Born in Cuvilly, France, Saint Julie Billiart’s family were large and prosperous farmers. She memorised the catechism by heart by the age of 7 years old and would teach it to her fellow playmates. At the age of nine, she received her first communion and took a vow of chastity. In her teens, she already had the reputation of being a saint. She worked in the fields when her family was in financial strife. However, when she was twenty-two she became paralysed and was bedridden for the next 22 years. She received Holy Communion daily, made altar laces and linens, and catechised the children in the village who stood by her bedside. During the French Revolution, she helped the priests and was smuggled to safety while hidden in a hay cart. She hid in the home of a countess and soon had young and noble ladies around her bed whom she taught the interior life. From this group of ladies, she founded the Institute of the Sisters of Notre Dame, who educated girls and trained catechists.
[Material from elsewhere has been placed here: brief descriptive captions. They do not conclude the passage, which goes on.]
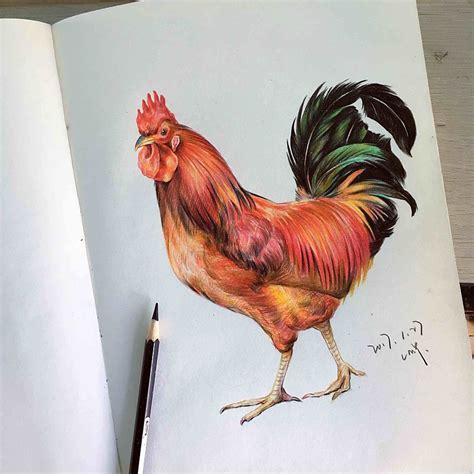 《鸡年——画鸡》|纯艺术|其他艺创|零柒肆 - 原创作品 - 站酷 (ZCOOL)
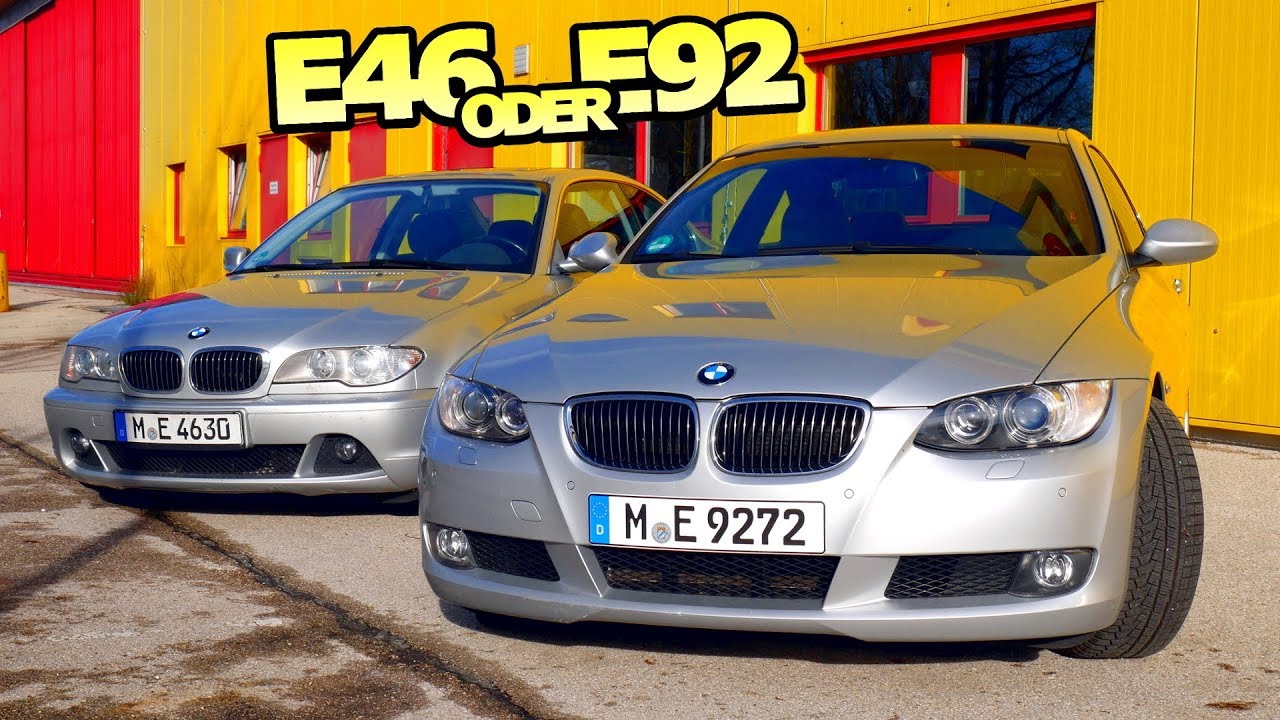 Der große 3er Gebrauchtwagencheck | BMW E46 330ci vs. E92 330i | Fahr doch
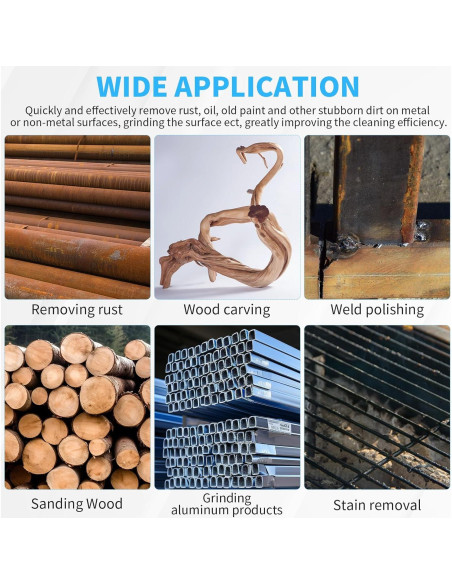 Juego de Cepillos de Alambre Rocaris 28 Piezas para Taladro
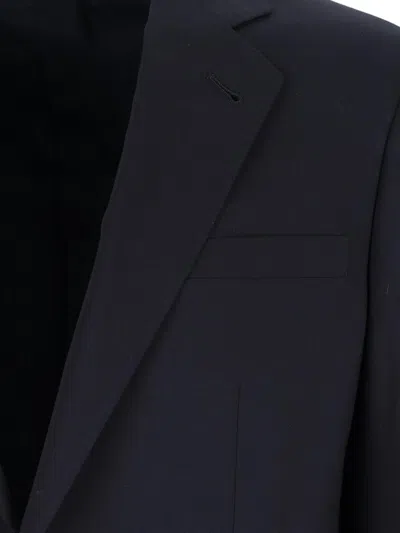 Giorgio Armani Navy Virgin Wool Tailored Suit In Blue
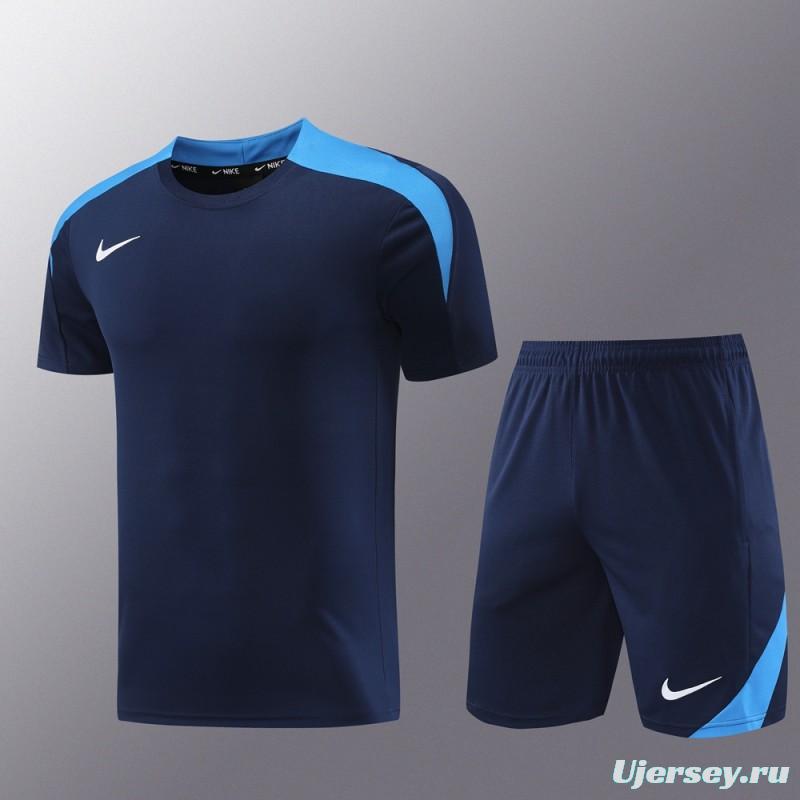 24/25 Nike Navy/Blue Short Sleeve Jersey+Shorts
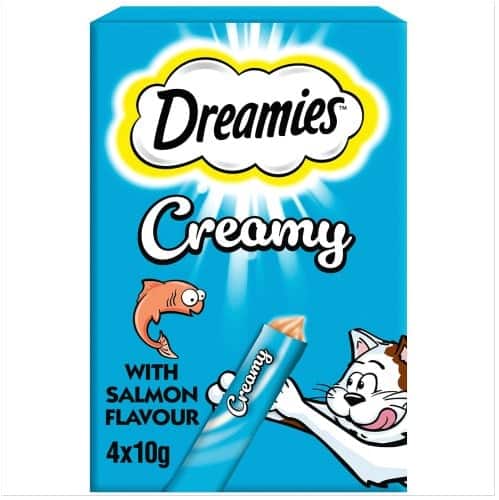 Dreamies Creamy Cat Treats with Scrumptious Salmon (4 x 10g)
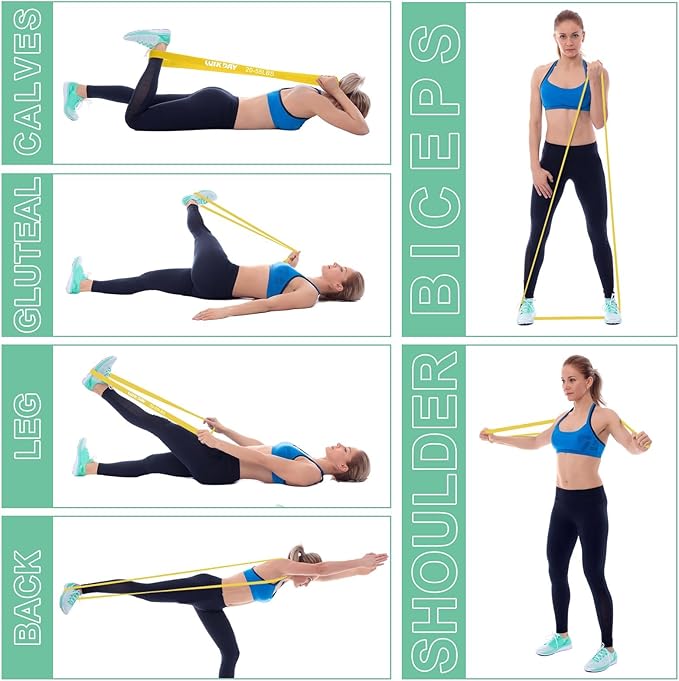 Resistance Bands for Working Out, Exercise Bands, Workout Bands, Pull Up Assistance Bands for Body Stretching Training Physical Therapy Muscle Training for Men & Women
She made her vows in 1804 and was cured of her paralysis. She then made over a hundred journeys, founding 15 convents of her order.

Our Lady of Medjugorje

March 25, 2020 Message to Marija

Dear children! I am with you all these years to lead you to the way of salvation. Return to my Son; return to prayer and fasting. Little children, permit God to speak to your heart, because Satan is reigning and wants to destroy your lives and the earth on which you walk. Be courageous and decide for holiness. You will see conversion in your hearts and families; prayer will be heard; God will hear your cries and give you peace. I am with you and am blessing you all with my motherly blessing. Thank you for having responded to my call.